Complètement. Avant même Golden Coast, on organisait des événements au Zénith et on a découvert à Dijon un écosystème hip-hop énorme, très professionnel, très créatif. Des collectifs comme Figure2Style nous ont beaucoup marqués. Le festival a aussi renforcé cette dynamique. On peut s’appuyer sur un vrai macrocosme local d’artistes, de danseurs, de créateurs. Demain, on aimerait faire vivre la marque Golden Coast toute l’année, y compris à l’étranger, avec des événements ou des « writing camps », où des artistes se retrouvent pour créer ensemble pendant une semaine.
On peut dire que la belle endormie a bien changé ! Dijon s’est réveillée et, même si la scène électro est moins pétillante qu’aux grandes heures de l’An-Fer, l’offre culturelle est assez exceptionnelle pour une métropole de cette taille. Mais attention, elle peut se rendormir rapidement. À trop vouloir combattre les nuisances sonores, une certaine forme d’animation liée à la nuit… Je crois qu’il y a une vraie éducation à mener sur ces sujets.
Oui. Je ne dors pas beaucoup, mais j’aime construire des aventures collectives. Golden Coast, Please Please (ndlr, sa structure de production et de diffusion de concerts et spectacles, cofondée avec Hamid Asseila et Vivien Becle)… ce sont des projets qui doivent ressembler à une famille. Je ne veux pas faire quelque chose de monolithique. Ce qui me touche, c’est d’avoir le sentiment d’être utile, de construire quelque chose qui va durer. L’adhésion du public nous donne cette perspective à long terme. Mais honnêtement, on garde toujours cette peur que tout puisse s’arrêter du jour au lendemain.
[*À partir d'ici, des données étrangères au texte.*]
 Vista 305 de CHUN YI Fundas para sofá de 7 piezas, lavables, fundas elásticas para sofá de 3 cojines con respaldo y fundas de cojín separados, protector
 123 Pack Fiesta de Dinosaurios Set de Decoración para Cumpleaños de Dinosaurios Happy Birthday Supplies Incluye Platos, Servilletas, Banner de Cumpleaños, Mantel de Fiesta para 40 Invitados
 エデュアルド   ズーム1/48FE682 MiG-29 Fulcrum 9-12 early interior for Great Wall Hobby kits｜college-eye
75 000 festivaliers sont attendus les 28, 29 et 30 août dans le cadre naturel du parc de la Combe à la Serpent, où plus de 60 artistes incontournables et émergents du rap français sont programmés, en plus d’animations faisant désormais la signature de l’esprit « GOCO » (camping, food, playground, shops).
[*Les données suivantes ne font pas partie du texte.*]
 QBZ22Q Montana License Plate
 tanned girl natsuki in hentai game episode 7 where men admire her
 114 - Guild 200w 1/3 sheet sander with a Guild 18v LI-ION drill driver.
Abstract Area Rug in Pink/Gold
Derrière le Golden Coast Festival, des centaines de professionnels du spectacle vivant et un Dijonnais en « tête d’affiche » : Christian Allex, figure discrète mais centrale des musiques actuelles françaises depuis plus de trente ans. Né à Dijon en 1970, l’ancien adolescent de Quetigny raconte volontiers une jeunesse façonnée par la quête musicale des années 1980. Entre le rock, le BMX et les premiers émois du hip-hop découvert grâce à l’émission culte H.I.P. H.O.P., il forge très tôt une identité nourrie de curiosité et de contre-culture. « J’avais besoin de me démarquer, par les vêtements, le vocabulaire, la musique », se souvient-il.
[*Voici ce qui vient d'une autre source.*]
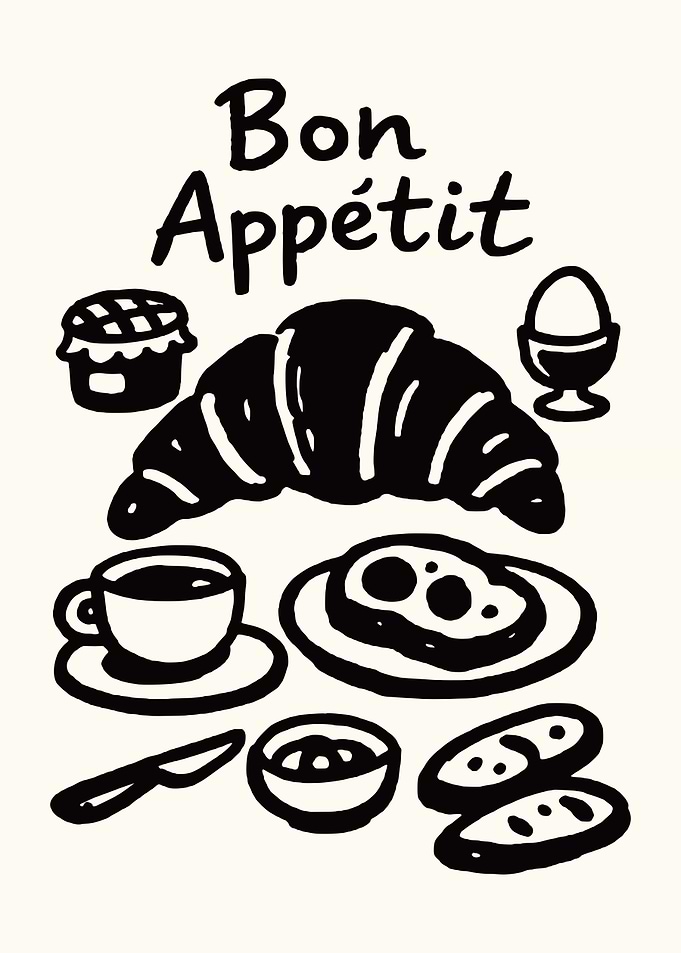 Bon Appetit Breakfast Poster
Rien ne le destinait pourtant à devenir l’un des programmateurs français les plus reconnus. Étudiant en journalisme à Lyon, il découvre les nuits lyonnaises, les clubs et l’organisation de concerts. De retour à Dijon, il organise un premier festival de rock alternatif avant de rejoindre, en 1992, l’aventure de l’An-Fer, temple dijonnais des musiques électroniques. Là, il apprend tout : la programmation, le booking, les artistes, les réseaux. La suite ressemble à une ascension continue. Les Eurockéennes de Belfort, qu’il dirige artistiquement pendant près de vingt ans, puis les projets internationaux comme Mawazine au Maroc, où il programme des stars mondiales. Entretemps, il croise les trajectoires des Daft Punk, de David Guetta ou encore de Bruno Mars, tout en construisant sa propre structure, Please Please, avec Hamid Asseila et Vivien Becle.
Cette culture du partage irrigue aujourd’hui le Golden Coast, imaginé comme un festival fidèle aux codes et à l’énergie de la culture hip-hop contemporaine. Une ambition qui dépasse la simple programmation musicale : faire de Dijon un point de rencontre culturel durable, capable d’attirer une nouvelle génération tout en révélant les talents locaux.